The best part of this analysis was the tone - he was polite, non-judgemental, and understanding of the fact that it's tough to launch something new and yes, the developers could have done it better, but no need to pile-on, they're probably kicking themselves enough as is.
I am developing a similar application with a map and live data generated dynamically by my server. The difference with my app, is that the data will be global, not for one city.
The Citi Bike Map appears to load all of the data available regardless of map extent, which can be practical with a small dataset.
How do you deal with caching when the extent of the user's map is constantly changing? My server currently returns data relevant to the map extent only. If I were to get Cron to regularly crunch out one big global cache to send to the browser, I would kill my site.
I am assuming the best option would be to figure out some sort of tiling scheme.

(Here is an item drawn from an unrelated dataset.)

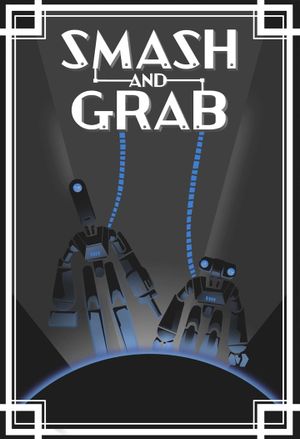 Smash and Grab's poster image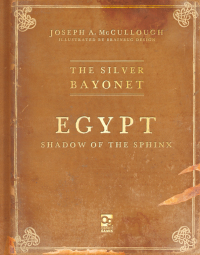 Cover image: The Silver Bayonet: Egypt 1st edition 9781472858863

If anyone out there has any ideas about that, I am all ears!
You should look into vector map tiles! Basically, you create a little JSON snippet for every image that the map server returns, and then overlay it in the client. There's support for JSON tiles in Polymaps (<http://polymaps.org/>).
Cool! I've not heard of Polymaps before, and will look into it. For the time being, I am using Google Maps.
Do you have any recommendations on how to create the tiles?
The most important thing, is that when a user clicks the markers in my map(whether or not they are real vector markers or rasters passing themselves off as markers), the marker's associated attribute values need to be available to be fed into a popup.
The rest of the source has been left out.